Cinematography was excellent, script was good, cast was good, but somewhere in there the directors lost interest and failed to do a professional job of making a movie.

3 out of 4 people found the following review useful:
wow, 30 August 2010
9/10

This is a very remarkable movie. After the first 30 minutes I felt I had had more pleasure than usual from a film. This was an odd feeling considering how old-fashioned and simple the direction seemed. After an hour I was amazed at how engrossed I was in the story and the characters. I paused the movie several times to reflect on it. The cinematography is minimalist compared to current styles; the direction is out of sight and unobvious; the story is very simple, based on progress through time, but covering in its scope all the important questions of life, death, honesty, honor, and that most difficult to define quality – compassion. It provides a viewpoint on love, friendship, war, peace, victory, defeat, courage, understanding and the human spirit. Quite an amazing tour de force. I understand why Churchhill wanted this banned – it was not the mood he needed to bolster his own position and rally the population, yet it is more honest than any of his speeches, and more human than he ever succeeded in being. War is a horrible thing. Life is a glorious thing: I think that is the message of this movie.

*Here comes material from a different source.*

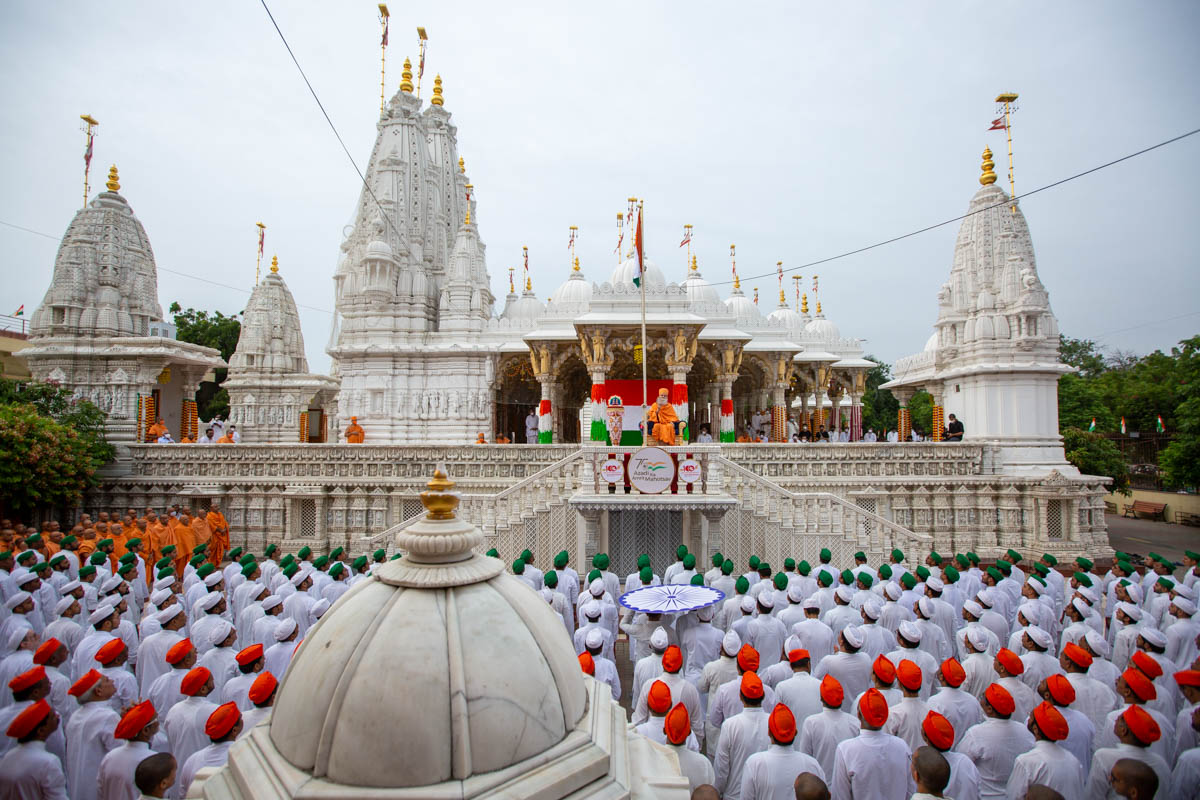 Sadhus and devotees during the flag hoisting ceremony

0 out of 1 people found the following review useful:
Why complain?, 14 August 2010
8/10

This is my vote for the whole series. Considering the oh so lame movie offerings since the first JP I found this entire series very entertaining and definitely worth watching, if only for the excellent story premise and cinematography. #1 was clearly the best because it didn't talk down to the audience and demanded attention. The second and third in the series took a little too much for granted, too inclined to lean on the proved, successful moments of the first and so not innovative in any way. Yet, there are more high points than low points, and they are each excellent examples of the film-maker's craft. They all carry you away to a whole different plane, professionally and enjoyably, and apart from Avatar and a few other exceptions like LOTR,early Harry Potters, perhaps a couple I haven't named, few other movie series have been as well constructed. Michael Crichton's imagination lives on beyond him.

2 out of 3 people found the following review useful:
A Beautifully Made Film, 9 June 2010
10/10

Having recently worked through a dozen or so samurai films, including Kurosawa's generally brilliant offerings, my taste had become fairly attuned to the genre and although several were very good the style was beginning to wear thin. Until Hidden Blade. This is an exceptional film; original in story, characters and direction. The plot is quite simple: a samurai whose father's disgrace has reduced the family in status, lives with a maid and a servant. He is in love with the maid, and she with him, but the social conventions and their own decency prevent this from becoming anything more than a tender friendship. The samurai's sword school companion gets himself into trouble and finally their sword-brother relationship leads the plot to a climax. There are several fights, a background of western military training being given to the samurai in this area, but above all that is the compassion and decency of the samurai and his maid. There is not a wasted moment in the direction; the scenery is beautiful; the acting is very engaging; the story seems to move at a gentle pace but it's impossible to take your eyes off the screen - one of those truly well- made movies where the technical excellence is so understated that you know only that you're being swept along with the story. Highly, highly recommended.